> **Listed records**

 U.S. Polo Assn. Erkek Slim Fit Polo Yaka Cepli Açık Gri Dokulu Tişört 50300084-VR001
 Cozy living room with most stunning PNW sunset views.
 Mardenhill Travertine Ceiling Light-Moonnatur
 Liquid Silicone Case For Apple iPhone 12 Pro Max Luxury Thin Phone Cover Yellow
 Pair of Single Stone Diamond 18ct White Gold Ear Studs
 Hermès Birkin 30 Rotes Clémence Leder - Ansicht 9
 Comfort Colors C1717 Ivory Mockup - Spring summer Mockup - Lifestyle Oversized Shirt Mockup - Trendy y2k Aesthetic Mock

==

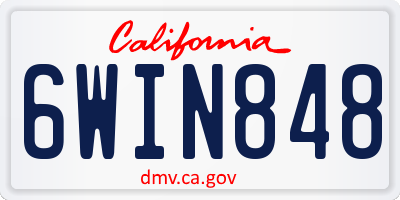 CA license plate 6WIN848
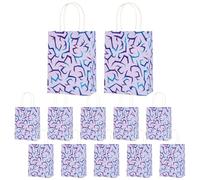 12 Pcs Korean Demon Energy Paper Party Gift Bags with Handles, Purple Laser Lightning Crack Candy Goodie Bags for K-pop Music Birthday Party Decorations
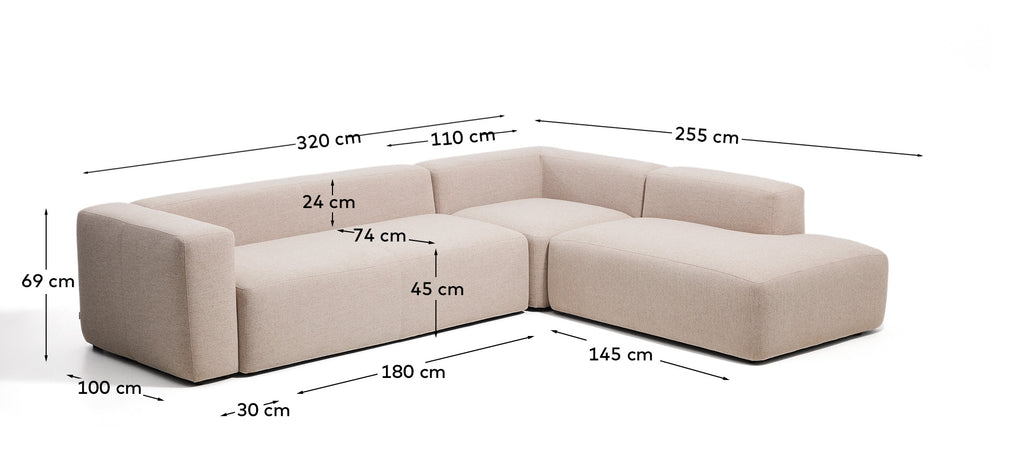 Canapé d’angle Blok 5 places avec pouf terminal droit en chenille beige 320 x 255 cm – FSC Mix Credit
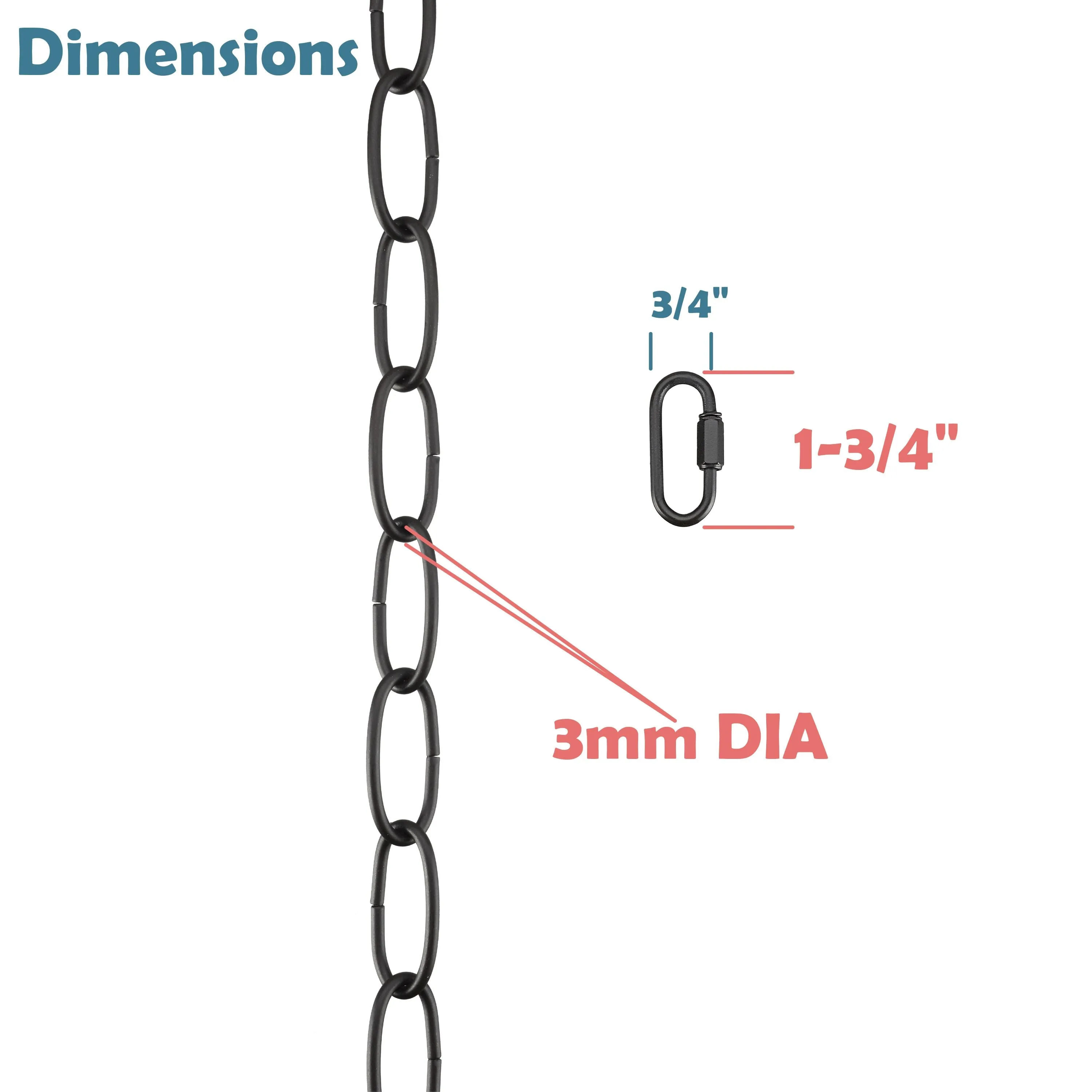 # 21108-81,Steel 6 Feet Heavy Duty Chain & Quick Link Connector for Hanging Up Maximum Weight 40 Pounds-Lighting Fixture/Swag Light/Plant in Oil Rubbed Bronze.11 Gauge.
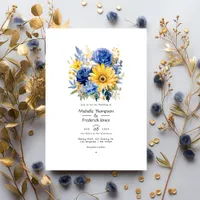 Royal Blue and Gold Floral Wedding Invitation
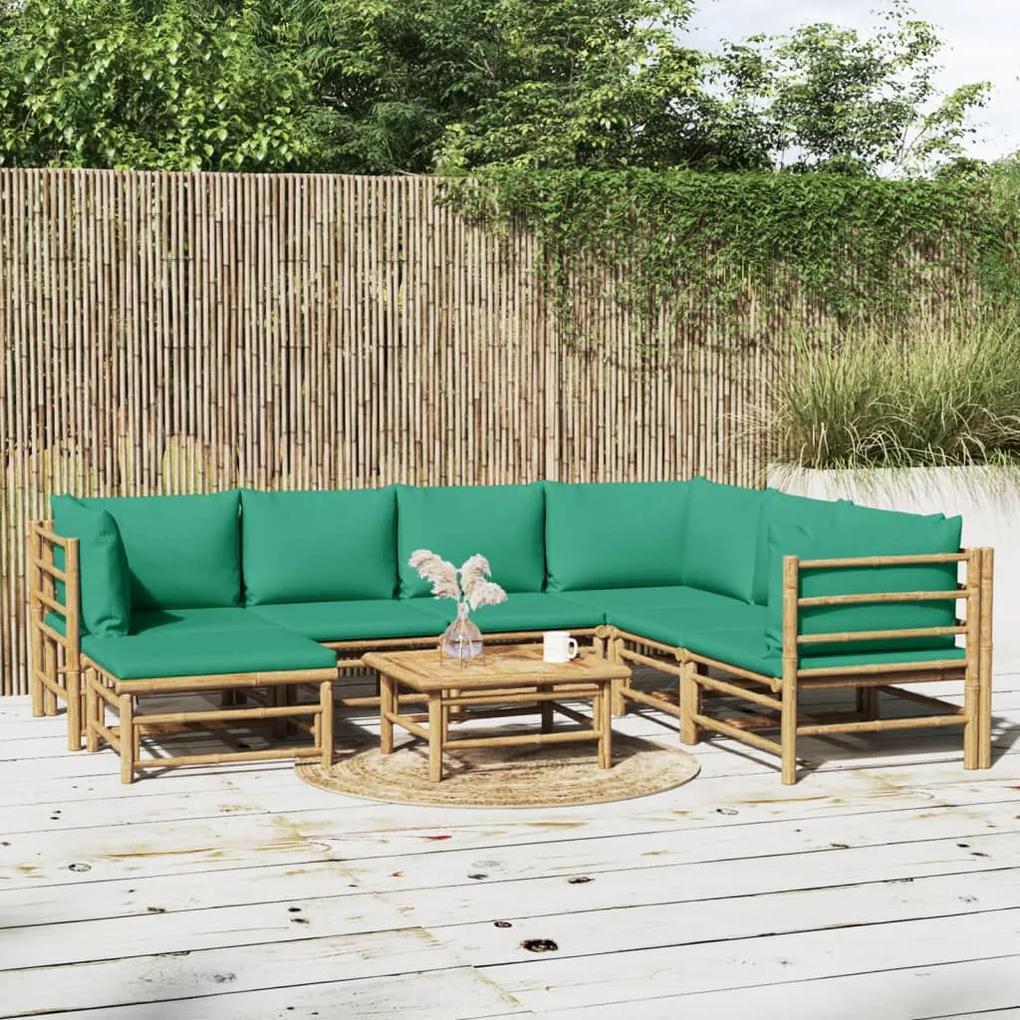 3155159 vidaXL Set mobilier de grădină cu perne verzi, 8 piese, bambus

==

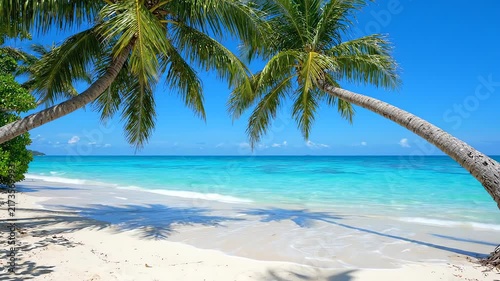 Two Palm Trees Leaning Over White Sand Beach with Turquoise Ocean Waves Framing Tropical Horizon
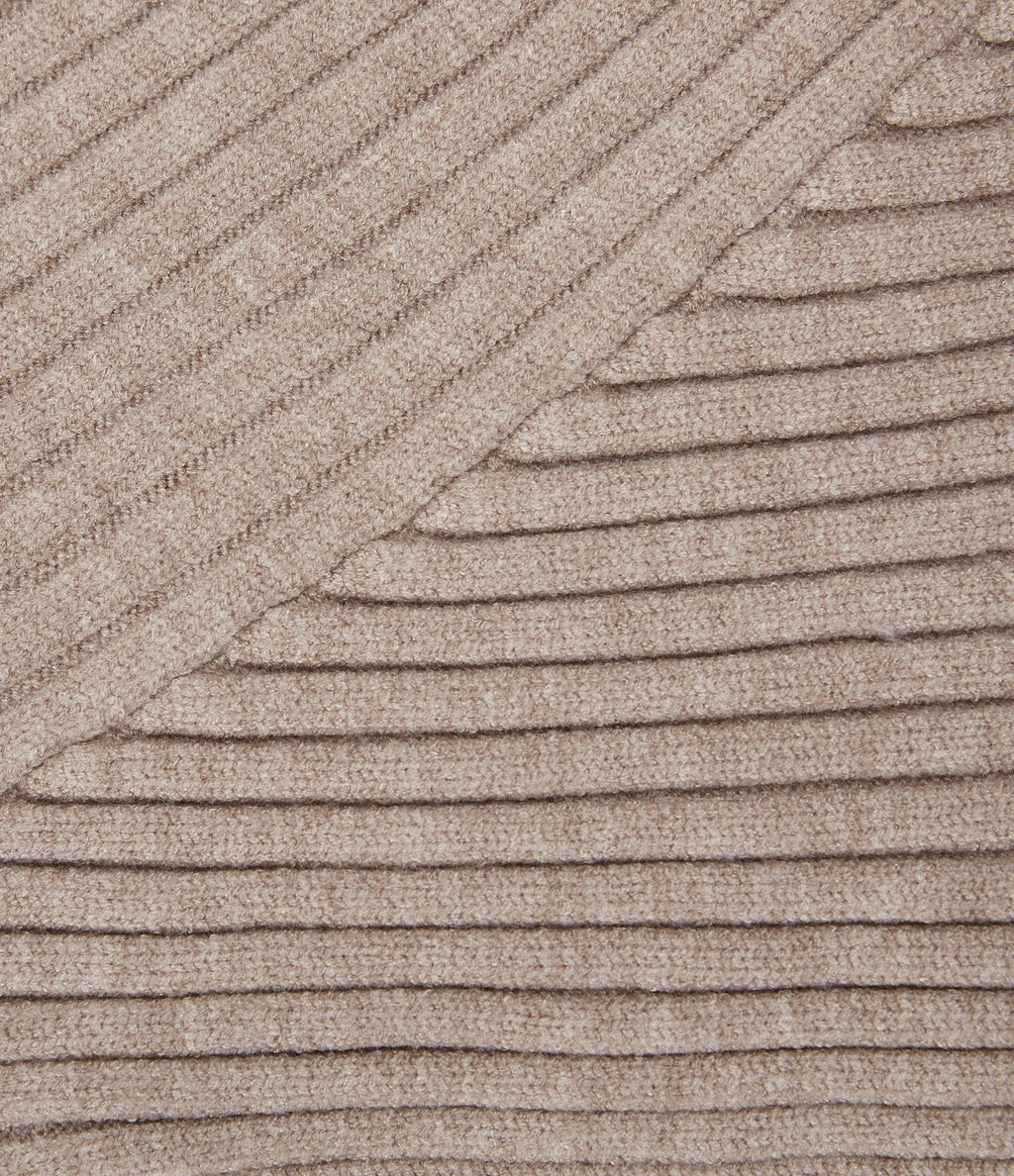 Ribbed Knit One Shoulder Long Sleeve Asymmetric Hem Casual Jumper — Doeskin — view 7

> **Task objective**
In the data above, which lines lie between the line with "Cozy living room" and the line with "Hermès Birkin 30", inclusive? Print those lines exactly and nothing else.

> **Written solution**
 Cozy living room with most stunning PNW sunset views.
 Mardenhill Travertine Ceiling Light-Moonnatur
 Liquid Silicone Case For Apple iPhone 12 Pro Max Luxury Thin Phone Cover Yellow
 Pair of Single Stone Diamond 18ct White Gold Ear Studs
 Hermès Birkin 30 Rotes Clémence Leder - Ansicht 9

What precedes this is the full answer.